Got a couple calls up for sale.

First up is the Deathpunch open reed distress. My standard open reed call. This is a small open reed call machined by me in my shop from Delrin. It has a 5/8" toneboard with a 5/32" square air channel. It also has a 5/8" bore. It can go high pitched cottontail to raspy jack. This call is easy to blow as well.​These are 15 bucks +2 bucks to ship.( I have these 2 posted on another board so I will go with the first response)​







​








​
Next is a couple of my diaphragm howlers.

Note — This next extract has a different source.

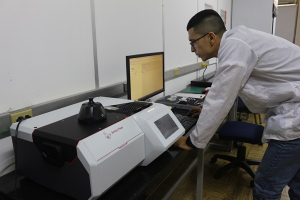 Nuevos equipos de alta tecnolog&iacute;a impulsan la caracterizaci&oacute;n avanzada de materiales en Univalle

I make these on a competition press designed for turkey calls. These are easy to use with a little practice, and I am keeping the price low on these.​*All of these are 5 bucks each + 2 bucks to ship (any quantity, mixed or matched) *​
The *Superpup *does puppy howls, but will also great pup barks, whines and ki-yis Its a lightweight 2 reed call with a small puppy sound.​







​
Next is the *Dawn Patrol* 2 reed howler. It is a medium pitched call that does great young adult vocals. This call does great ki-yis.​







​








​
I have 3 each of these ready to ship, more if ya want.​I take Paypal, check or mo.​Thanks!​Mark​
A couple quickie sound files I did on my phone today:




http://www.youtube.com/watch?v=avgjGjjhFtI&feature=player_embedded


----------



## prairiewolf (Feb 19, 2012)

I got both of these diaghrams and they are great a buddy tried the dawn patrol and quickly had me order him 5.


----------



## hassell (Feb 9, 2010)

Real nice job on those.


----------



## Lonehowl (Feb 16, 2010)

Thanks guys : )


----------



## Lonehowl (Feb 16, 2010)

I each Superpup and Dawn Patrol sold, thank you!


----------



## Rick Howard (Feb 25, 2012)

I have tried a few diaphragm calls. These are by far the best!


----------



## Lonehowl (Feb 16, 2010)

1 Deathpunch left. Ill ship it free if anyone wants it.
Mark


----------



## prairiewolf (Feb 19, 2012)

hey guys these are great sounding calls, you wont be disappointed.


----------



## Lonehowl (Feb 16, 2010)

Thanks Ed, actually, I will also throw in a pup diaphragm call with it. I have decided not to make any diaphragm stuff (except turkey ) due to conflict with another maker.
Mark


----------



## Bigdrowdy1 (Jan 29, 2010)

I will take it if still available


----------



## Lonehowl (Feb 16, 2010)

You got it Bigdrowdy, just let me know where to send em.
Mark


----------



## Bigdrowdy1 (Jan 29, 2010)

PM sent Great callI already have 1 I just cant find it(grand kds Ya Know!)


----------



## prairiewolf (Feb 19, 2012)

Hate to hear that Mark. I dont really understand because we all make calls and theres no conflict on here that I know of. We all share opinons and even help each other when we can. But the final decision is yours and I respect that. Well if I need more guess I will call them Turkey Calls. LOL


----------



## Lonehowl (Feb 16, 2010)

Ed, its has nothing to do with this board at all. 
Mark


----------



## prairiewolf (Feb 19, 2012)

Then why not sell them on here ?


----------



## Lonehowl (Feb 16, 2010)

Long story..sent you a pm.


----------



## prairiewolf (Feb 19, 2012)

thanks Mark


----------



## Rick Howard (Feb 25, 2012)

Yeah I want one of those turkey calls that make a rabbit distress. LOL


----------



## Lonehowl (Feb 16, 2010)

Code name : Rubber Ducky.


----------



## Rick Howard (Feb 25, 2012)

LOL


----------